Supplied entries>
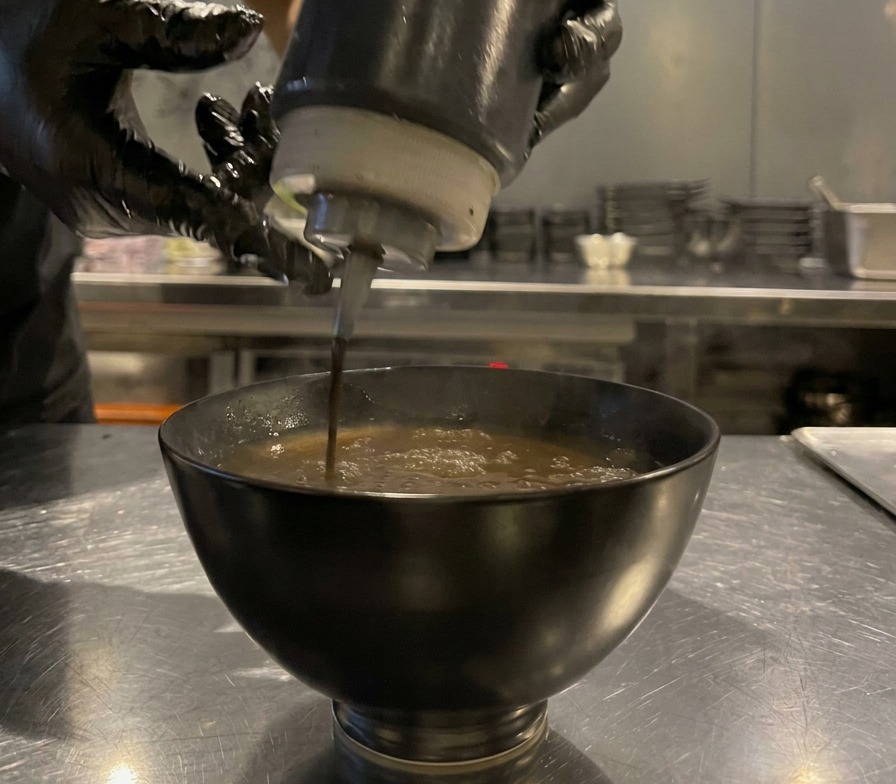 Dark black garlic oil being squeezed from a bottle into a bowl of brown dipping broth, creating dark droplets on the surface.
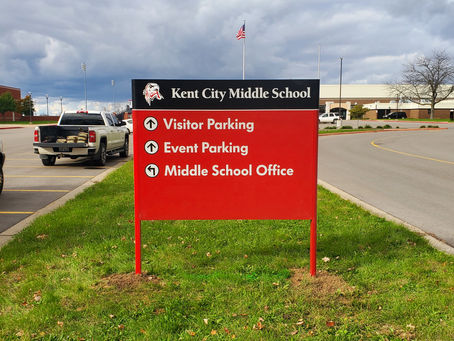 Directional signs are critical for school traffic flow.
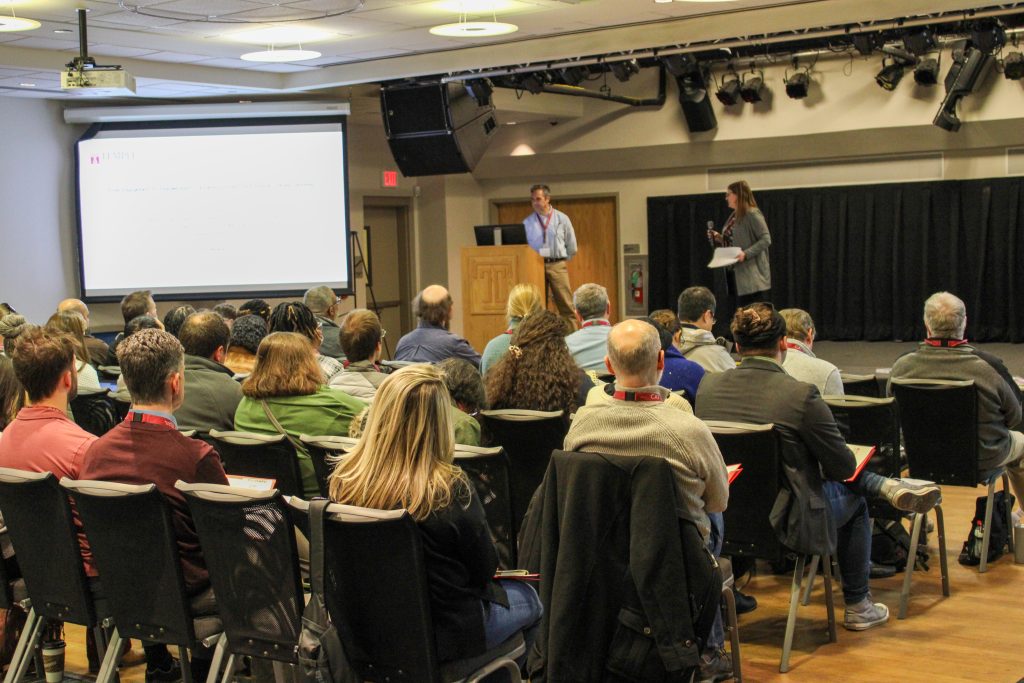 workshop attendees watching stage with 2 presenters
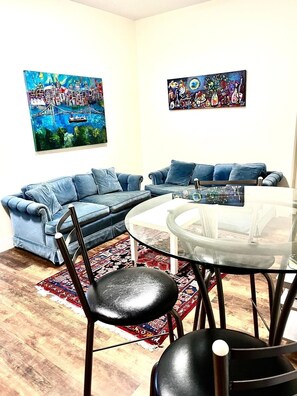 A living room with a blue sofa, a glass coffee table, and two paintings on the wall. - Modern & Cozy Stay | Self Check-In | Free Parking (Surrey)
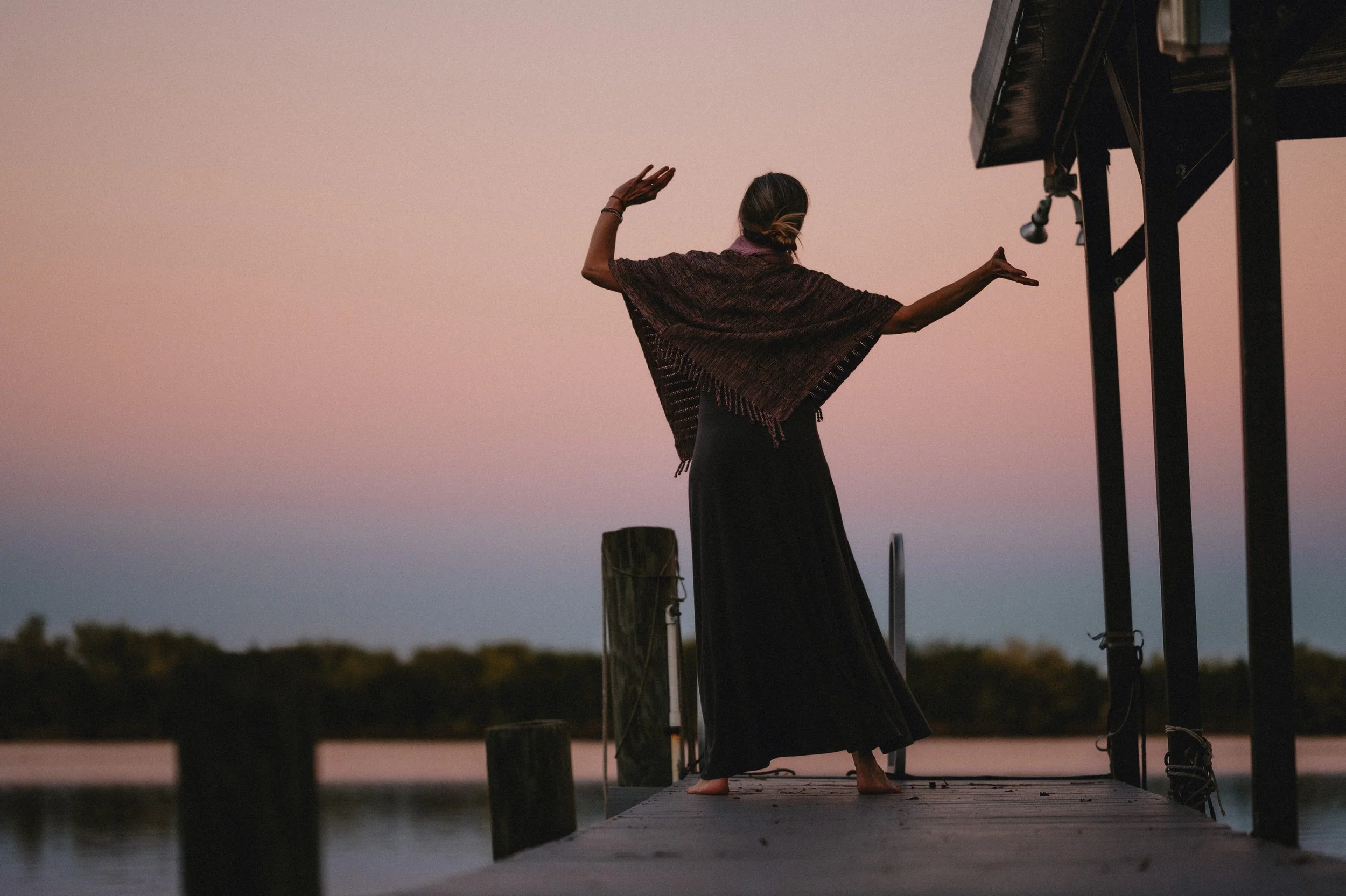 Silhouette of a person dancing on a dock at sunset with a shawl, near a calm lake and trees in the background.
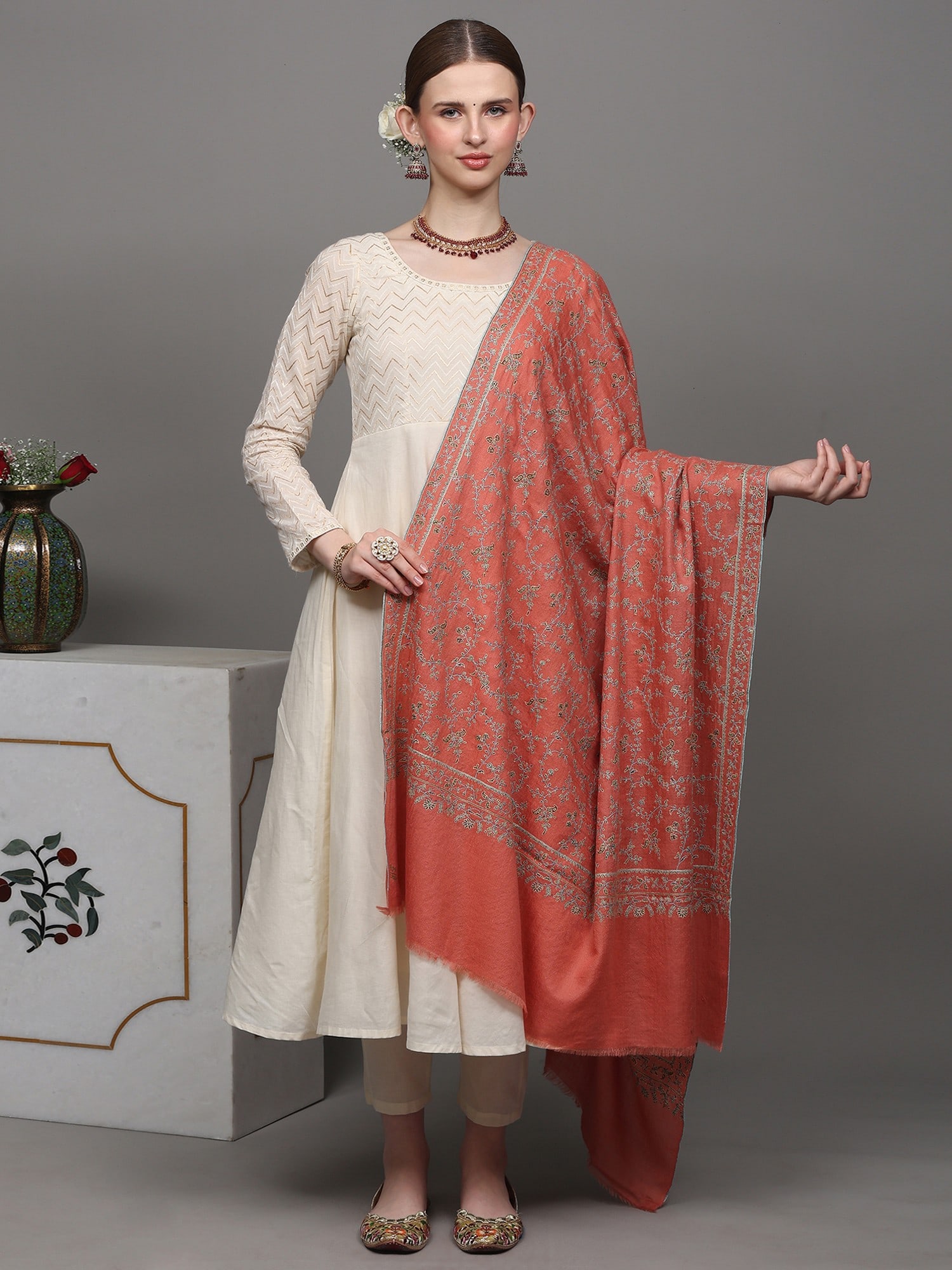 Terra-Cotta Pure Pashmina Shawl with Floral Jaaldar Sozni Embroidery by Hand: Title:Terra-Cotta Pure Pashmina Shawl with Floral Jaaldar Sozni Embroidery by Hand Description:Welcome to a voyage of unmatched luxury, the tangerine cashmere shawl with Floral design jaaldar sozni em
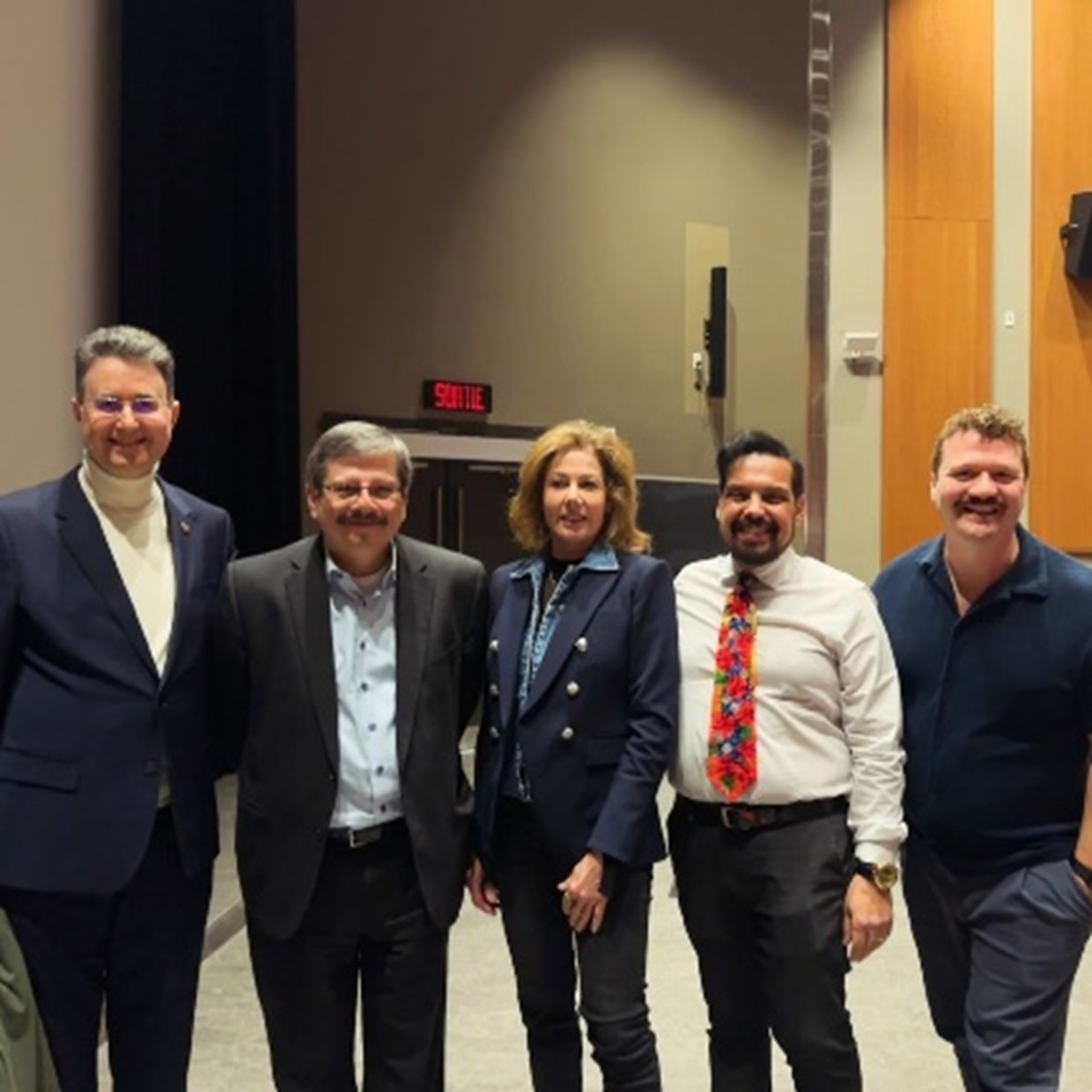 Group photo of well-dressed people in an auditorium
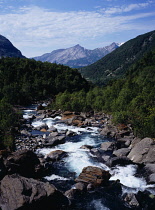 Norway, Nordland, Fykanaga River, River flowing west from the Glomfjord Mountains across rocks and boulders through tree lined valley.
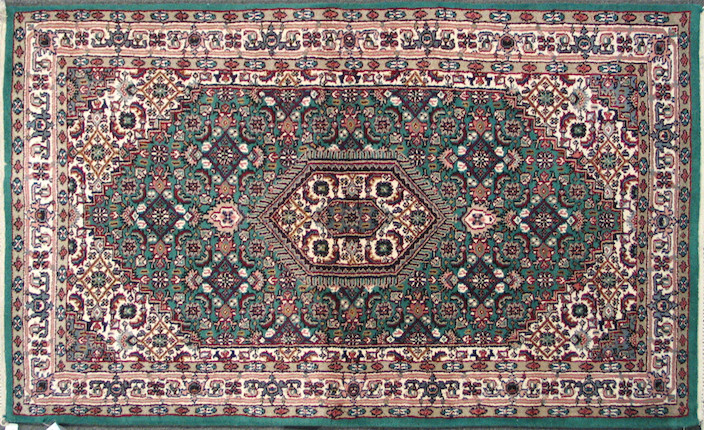 An Indian carpet size approximately 3ft. x 5ft. image 1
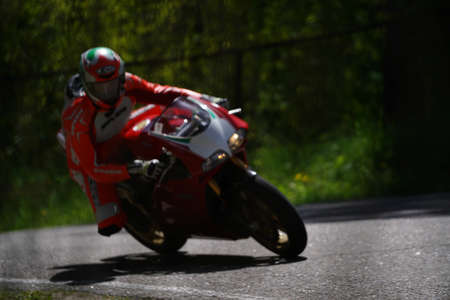 11-05-2020 Riga, Latvia Motorcyclist at sport bike rides by empty asphalt road. sport bike.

What is needed> Print the entries as they stand, first line through the line holding "Silhouette of a", with every picture removed.

Output for this exercise>
 Dark black garlic oil being squeezed from a bottle into a bowl of brown dipping broth, creating dark droplets on the surface.
 Directional signs are critical for school traffic flow.
 workshop attendees watching stage with 2 presenters
 A living room with a blue sofa, a glass coffee table, and two paintings on the wall. - Modern & Cozy Stay | Self Check-In | Free Parking (Surrey)
 Silhouette of a person dancing on a dock at sunset with a shawl, near a calm lake and trees in the background.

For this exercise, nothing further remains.